March 27, 2024
Altcoins News

Central Bank of Singapore Unveils Regulatory Framework for Stablecoins

The Monetary Authority of Singapore (MAS), which functions as the de facto central bank of the city-state, has introduced an updated regulatory framework for stablecoins. The objective of this framework is to ensure a significant level of stability in the value of stablecoins that fall under Singapore’s regulatory purview.

Unveiled on Tuesday, these fresh regulations will be applicable to single-currency stablecoins (SCS) linked to the Singapore dollar or any G10 currencies and issued within Singapore. Notable examples of such currencies include the euro, the US dollar, and the British pound.

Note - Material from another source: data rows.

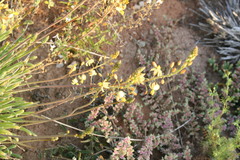 Bulbine succulenta
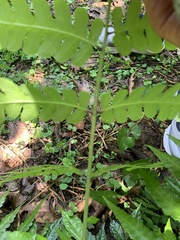Polypodiopsida
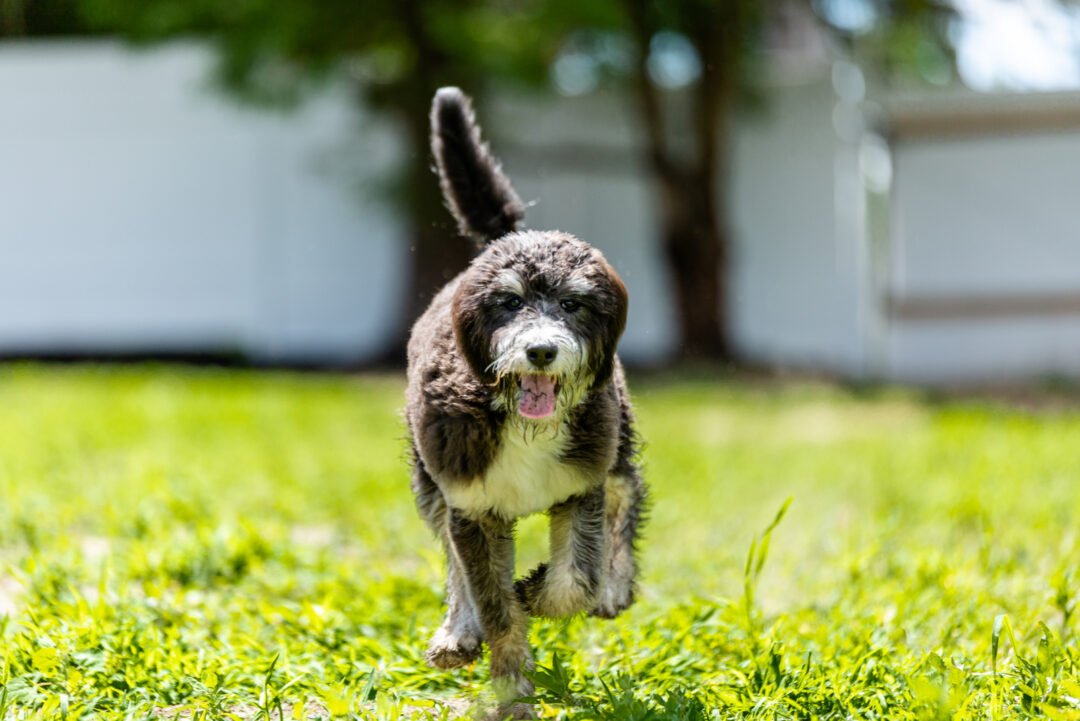 9 Cutest Bernedoodle Haircuts For Your Dog (With Pics)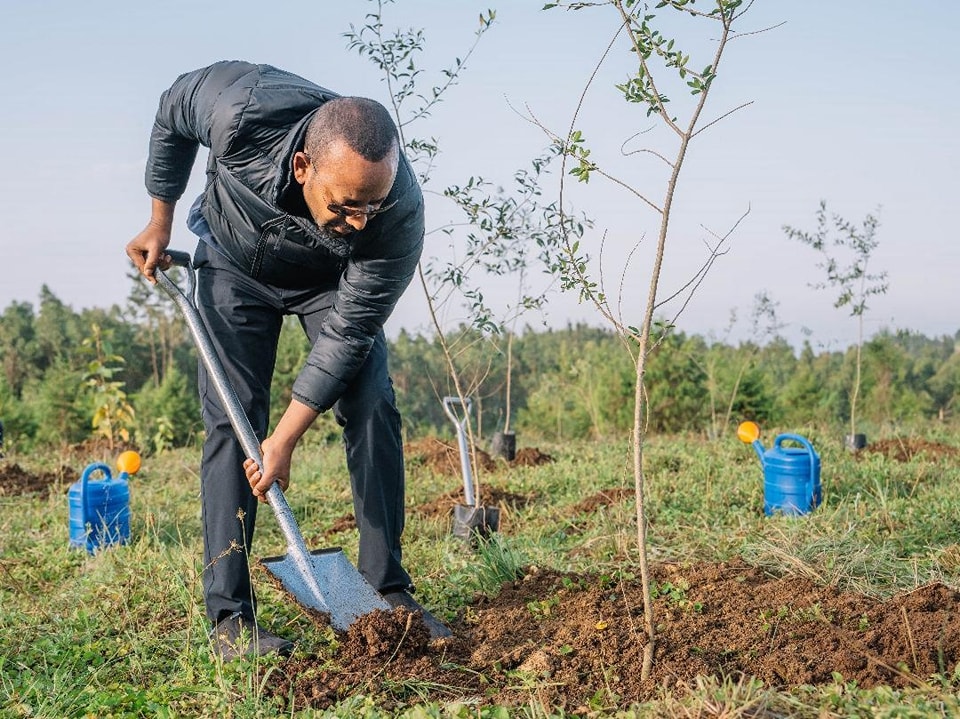Read more about the article የዘንድሮ የአረንጓዴ ዓሻራ ተካፋይ እንድትሆኑ ጥርዬን አቀርባለሁ:- ጠቅላይ ሚኒስትር ዐቢይ አሕመድ (ዶ/ር)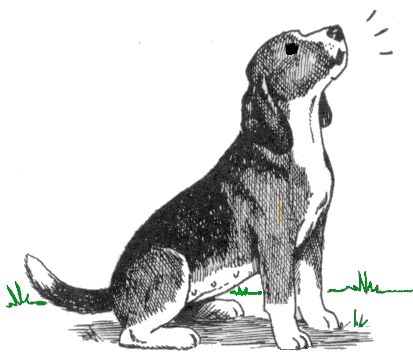 Beagle Dog Drawing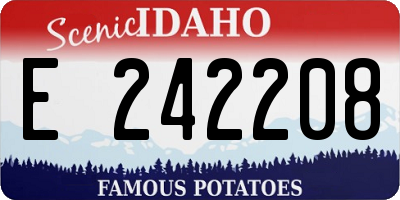 ID license plate E242208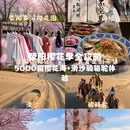 郑州旅游 缩略图 1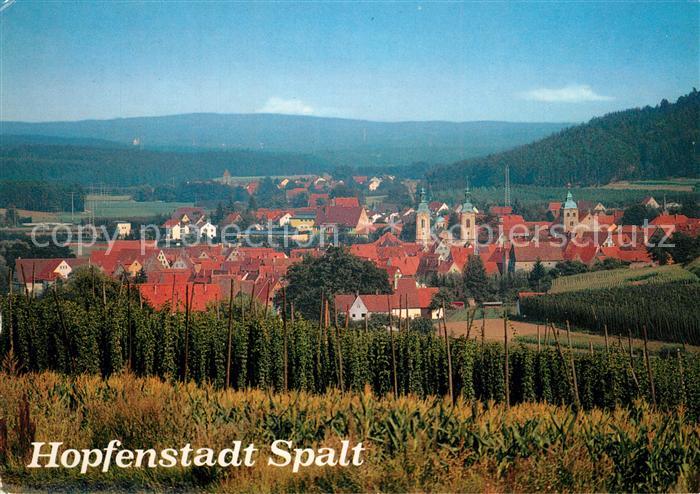 Spalt Panorama Hopfenanbau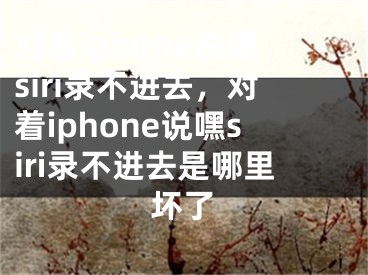 對著iphone說嘿siri錄不進(jìn)去，對著iphone說嘿siri錄不進(jìn)去是哪里壞了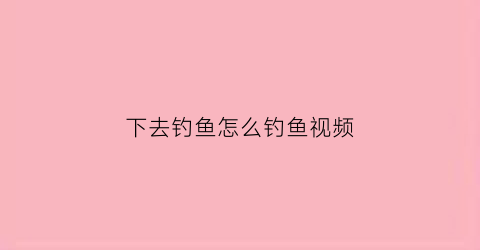 下去钓鱼怎么钓鱼视频(下鱼钓鱼技巧)
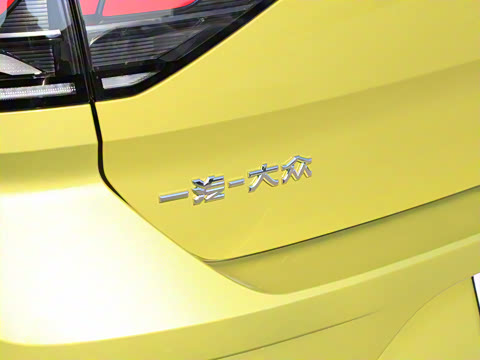 2025�� 300TSI DSG���������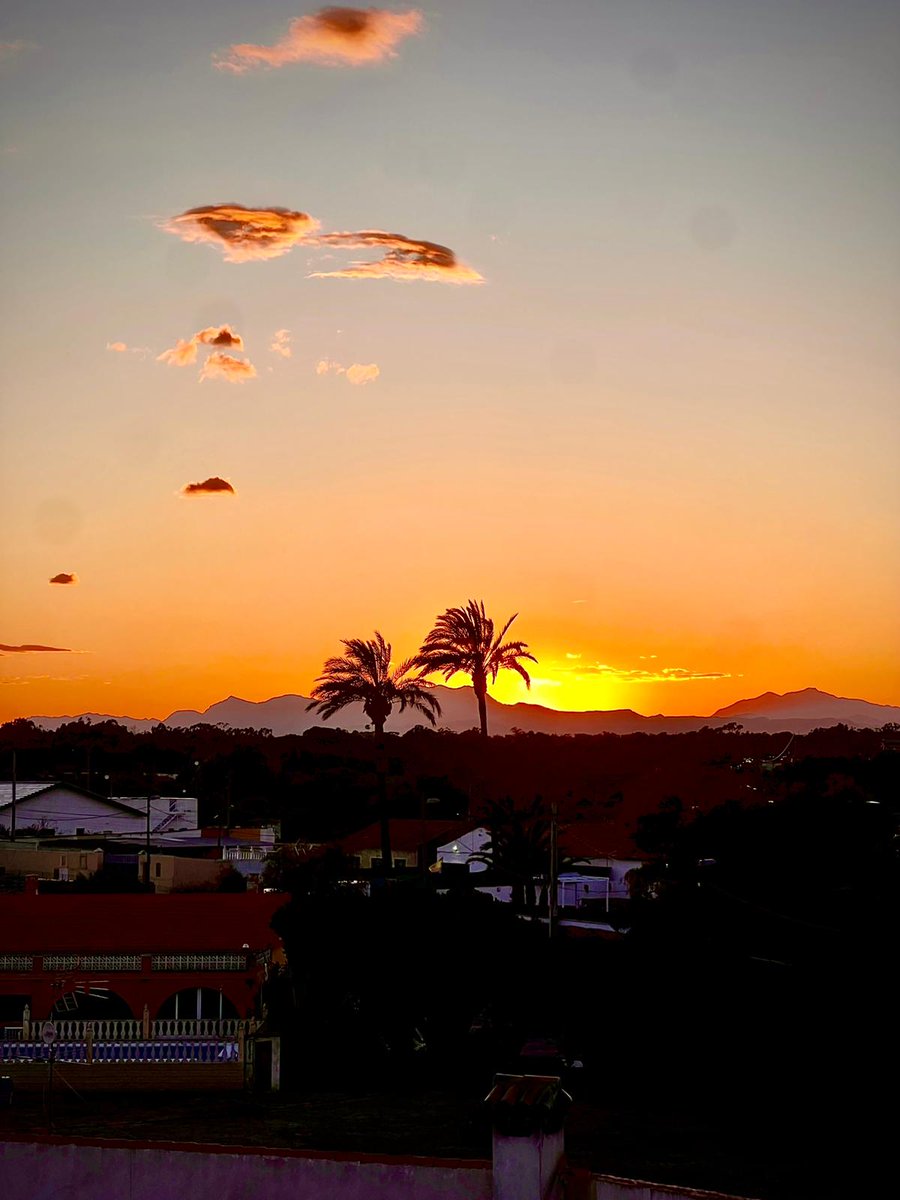 Pat 🦚👑 tweet media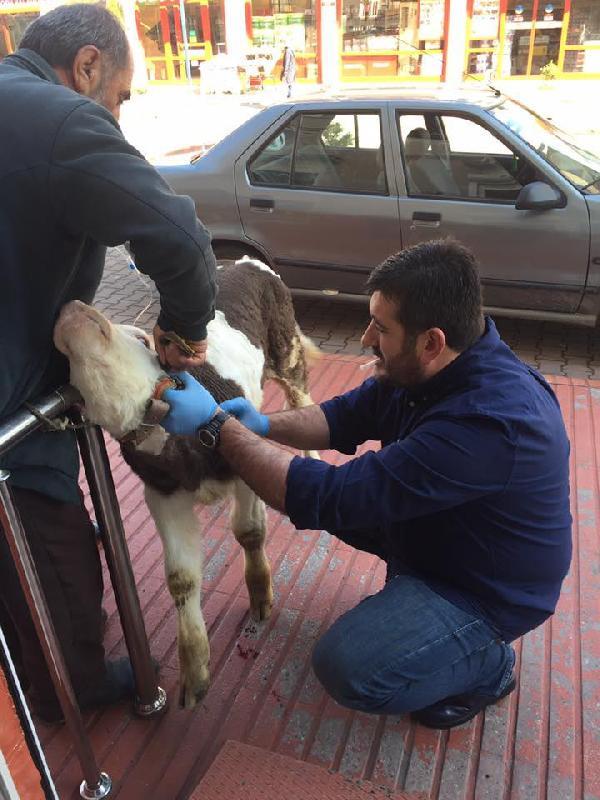 Buzağıyı otomobilin arka koltuğunda veterinere götürdü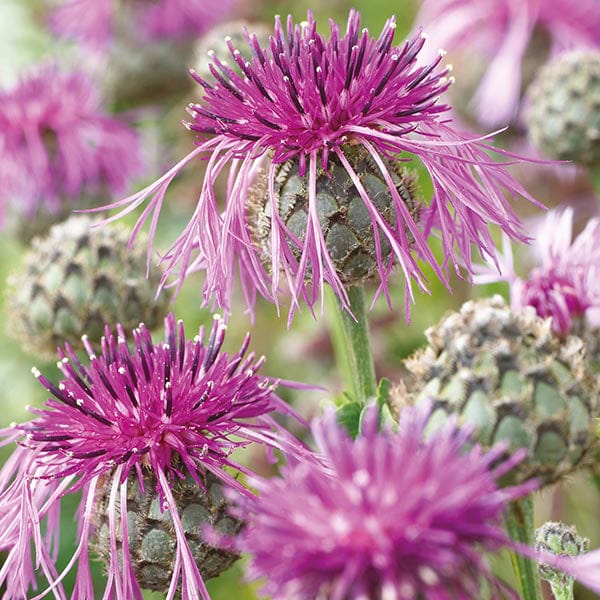 Greater Knapweed Seeds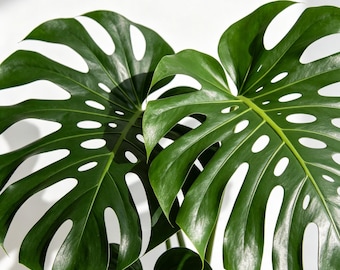 Monstera Deliciosa Live Plant, Swiss Cheese Plant, Indoor Tropical Houseplant for Home Decor, Air Purifying Potted Plant, Easy Care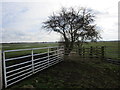 TA0951 : Hawthorn and field gates by Jonathan Thacker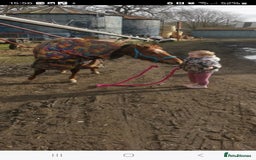 Riding pony horses for sale: Stunning show pony  - Image 12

Unlike volatile cryptocurrencies like Bitcoin (BTC) or Ether (ETH), stablecoins are digital payment tokens (DPT) pegged to legal tender, maintaining a consistent value.

This new regulatory framework for stablecoins has taken into account feedback gathered from a public consultation held in October 2022 regarding regulatory strategies for stablecoin-related issuance and intermediary activities. In response to this input, the MAS has incorporated relevant suggestions into the final regulatory approach outlined in the document.

The central bank emphasized that stablecoin issuers seeking recognition by MAS must meet all stipulated requirements, including the maintenance of value stability and a minimum base capital. Once these prerequisites are fulfilled, stablecoin issuers can apply to MAS for approval and potentially receive a designation called the “MAS-regulated stablecoins” label.

Ho Hern Shin, the Deputy Managing Director at MAS, advised that SCS issuers aiming for recognition by the central bank should begin early preparations to ensure compliance. He noted that the regulatory framework for stablecoins is designed to facilitate their usage as a dependable digital medium of exchange, serving as a link between fiat and digital asset ecosystems.

However, entities issuing non-SCS stablecoins will continue to be subject to the existing regulatory regime for digital payment tokens.

In response to suggestions made during the consultation process, the MAS indicated a willingness to consider expanding the scope of stablecoins governed by the SCS framework in the future. This expansion would factor in developments within the stablecoin landscape and changes in associated risks. Some respondents highlighted that the current framework appeared limiting due to its focus solely on SGD and G10 currencies.

Addressing this concern, the central bank explained that the restriction to SGD and G10 currencies is motivated by the availability of high-quality liquid assets in these currencies. Such assets are deemed essential for maintaining a robust reserve backing for single-currency stablecoins.